Abstract. Reactive halogens, and in particular bromine oxide (BrO), have frequently been observed in regions with large halide reservoirs, for example during bromine catalyzed coastal polar ozone depletion events. Much less is known about the presence and impact of reactive halogens in areas without obvious halide reservoirs, such as the polar ice sheets or continental snow. We report the first LP-DOAS measurements of BrO at Summit research station in the center of the Greenland ice sheet at an altitude of 3200 m. BrO mixing ratios in May 2007 and June 2008 were typically between 1–3 pmol mol−1, with maxima of up to 5 pmol mol−1. These measurements unequivocally show that halogen chemistry is occurring in the remote Arctic, far from known bromine reservoirs, such as the ocean. During periods when FLEXPART retroplumes show that airmasses resided on the Greenland ice sheet for 3 or more days, BrO exhibits a clear diurnal variation, with peak mixing ratios of up to 3 pmol mol−1 in the morning and at night. The diurnal cycle of BrO can be explained by a changing boundary layer height combined with photochemical formation of reactive bromine driven by solar radiation at the snow surface. The shallow stable boundary layer in the morning and night leads to an accumulation of BrO at the surface, leading to elevated BrO despite the expected smaller release from the snowpack during these times of low solar radiation. During the day when photolytic formation of reactive bromine is expected to be highest, efficient mixing into a deeper neutral boundary layer leads to lower BrO mixing ratios than during mornings and nights. The extended period of contact with the Greenland snowpack combined with the diurnal profile of BrO, modulated by boundary layer height, suggests that photochemistry in the snow is a significant source of BrO measured at Summit during the 2008 experiment. In addition, a rapid transport event on 4 July 2008, during which marine air from the Greenland east coast was rapidly transported to Summit, led to enhanced mixing ratios of BrO and a number of marine tracers. However, rapid transport of marine air from the Greenland east coast is rare and most likely not the main source of bromide in surface snow at Summit. The observed levels of BrO are predicted to influence NOx chemistry as well as impact HOx partitioning. However, impact of local snow photochemistry on HOx is smaller than previously suggested for Summit.

Highlights

  • The presence of reactive halogens and their impact on boundary layer chemistry has been well documented in the coastal Arctic and Antarctic (e.g. Barrie et al, 1988; Hausmann and Platt, 1994; Tuckermann et al, 1997; Saiz-Lopez et al, 2007) as well as lower latitudes (e.g. Saiz-Lopez et al, 2004; Peters et al, 2005; Read et al, 2008; Osthoff et al, 2008)

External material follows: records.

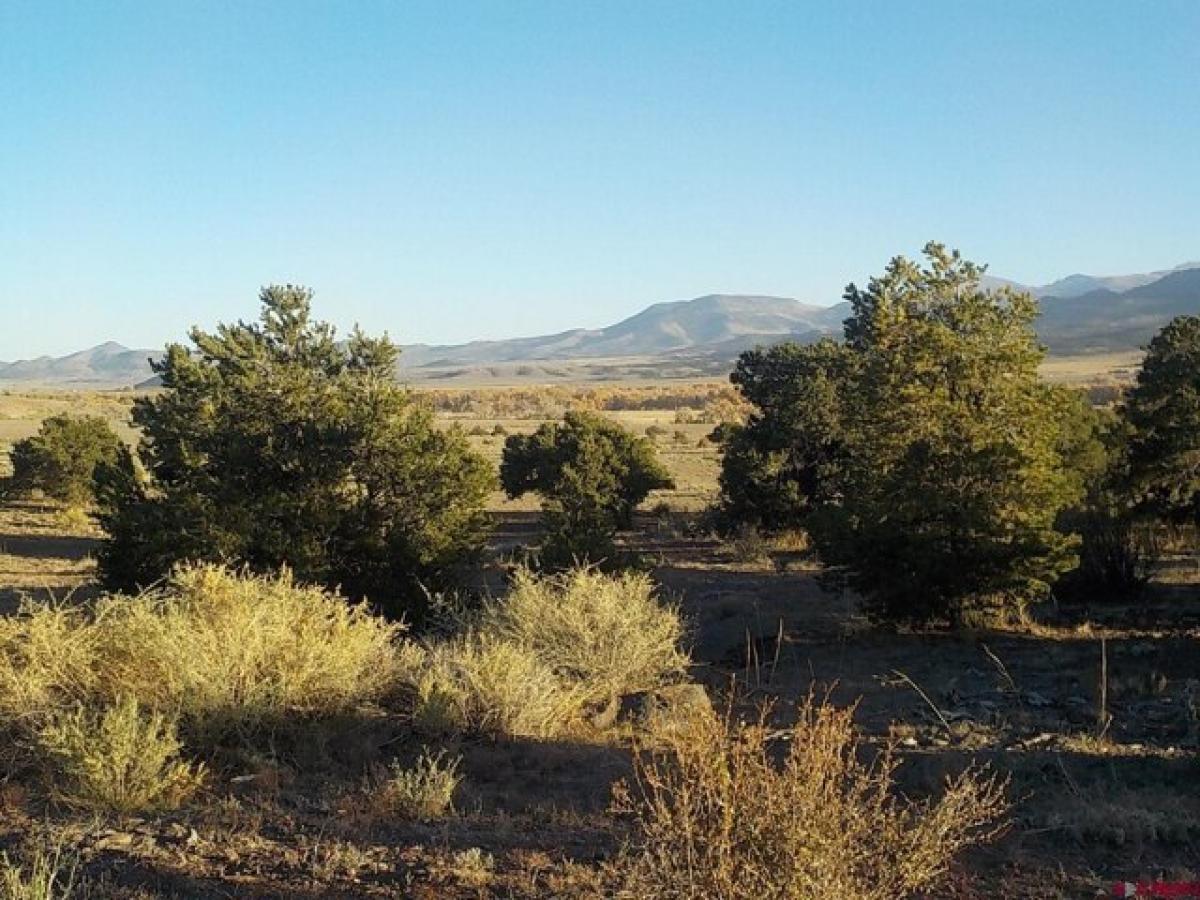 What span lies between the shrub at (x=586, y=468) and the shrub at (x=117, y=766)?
16.5m

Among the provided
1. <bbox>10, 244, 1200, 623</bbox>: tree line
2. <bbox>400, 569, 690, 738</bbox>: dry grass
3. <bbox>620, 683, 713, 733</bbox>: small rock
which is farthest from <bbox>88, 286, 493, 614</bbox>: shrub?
<bbox>620, 683, 713, 733</bbox>: small rock

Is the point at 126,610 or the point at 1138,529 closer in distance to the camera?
the point at 126,610

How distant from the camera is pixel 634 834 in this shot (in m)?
5.62

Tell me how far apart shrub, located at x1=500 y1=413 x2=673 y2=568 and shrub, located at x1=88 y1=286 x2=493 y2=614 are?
8007mm

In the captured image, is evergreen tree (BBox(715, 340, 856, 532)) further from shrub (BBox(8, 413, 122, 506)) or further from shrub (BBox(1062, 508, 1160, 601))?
shrub (BBox(8, 413, 122, 506))

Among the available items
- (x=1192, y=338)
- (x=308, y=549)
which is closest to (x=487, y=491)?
(x=308, y=549)

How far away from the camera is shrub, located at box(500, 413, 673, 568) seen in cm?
2553

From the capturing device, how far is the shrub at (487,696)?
26.2ft

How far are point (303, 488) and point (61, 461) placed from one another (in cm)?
1734

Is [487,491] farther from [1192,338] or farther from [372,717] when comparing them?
[1192,338]

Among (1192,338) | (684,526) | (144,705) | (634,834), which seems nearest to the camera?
(634,834)

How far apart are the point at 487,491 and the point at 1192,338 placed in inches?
716

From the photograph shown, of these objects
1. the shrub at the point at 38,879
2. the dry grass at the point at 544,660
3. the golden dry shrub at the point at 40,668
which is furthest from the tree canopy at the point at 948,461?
the shrub at the point at 38,879

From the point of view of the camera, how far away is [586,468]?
85.3 ft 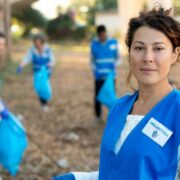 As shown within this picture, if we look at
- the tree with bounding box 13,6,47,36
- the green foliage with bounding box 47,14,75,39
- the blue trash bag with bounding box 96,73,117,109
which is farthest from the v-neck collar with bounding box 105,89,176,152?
the green foliage with bounding box 47,14,75,39

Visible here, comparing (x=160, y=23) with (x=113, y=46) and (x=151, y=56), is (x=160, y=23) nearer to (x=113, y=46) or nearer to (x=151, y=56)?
(x=151, y=56)

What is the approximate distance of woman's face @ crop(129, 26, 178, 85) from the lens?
6.01ft

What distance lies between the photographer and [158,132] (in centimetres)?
171

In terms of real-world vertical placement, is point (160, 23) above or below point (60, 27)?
above

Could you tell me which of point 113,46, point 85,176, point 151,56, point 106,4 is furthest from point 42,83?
point 106,4

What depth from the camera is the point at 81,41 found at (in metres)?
39.4

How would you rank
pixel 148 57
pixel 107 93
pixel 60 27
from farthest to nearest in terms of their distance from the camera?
1. pixel 60 27
2. pixel 107 93
3. pixel 148 57

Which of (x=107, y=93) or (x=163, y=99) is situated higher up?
(x=163, y=99)

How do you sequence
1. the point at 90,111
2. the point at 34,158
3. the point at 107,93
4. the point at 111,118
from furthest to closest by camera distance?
the point at 90,111 → the point at 107,93 → the point at 34,158 → the point at 111,118

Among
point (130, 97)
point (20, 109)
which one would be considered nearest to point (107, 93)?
point (20, 109)

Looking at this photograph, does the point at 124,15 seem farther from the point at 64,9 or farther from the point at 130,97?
the point at 130,97

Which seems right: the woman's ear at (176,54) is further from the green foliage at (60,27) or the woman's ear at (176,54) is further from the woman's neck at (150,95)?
the green foliage at (60,27)

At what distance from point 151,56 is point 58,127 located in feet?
19.3

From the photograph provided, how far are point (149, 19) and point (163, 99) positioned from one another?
1.06ft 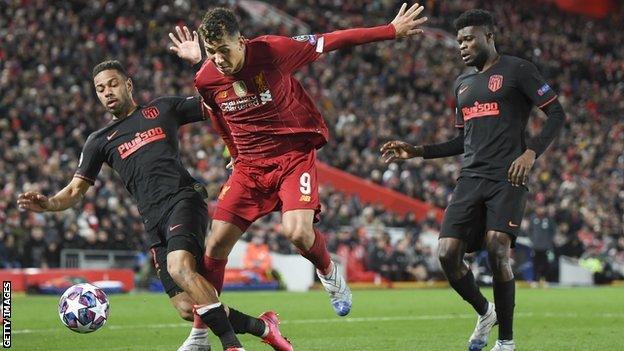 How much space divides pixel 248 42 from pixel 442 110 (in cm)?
2805

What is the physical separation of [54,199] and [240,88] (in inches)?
71.1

  • Using FLEXPART, a Lagrangian Particle Dispersion Model (LPDM) (Stohl et al, 2002), we evaluated the origin of air masses observed during the measurement periods and the potenital for sources of gas-phase bromine

  • While our correlation analysis is obviously not conclusive, we propose that local photolytic formation of reactive bromine at the surface, and most likely in the snow and firn, explains the bromine oxide (BrO) measured by our long-path Differential Optical Absorption Spectroscopy (LP-DOAS)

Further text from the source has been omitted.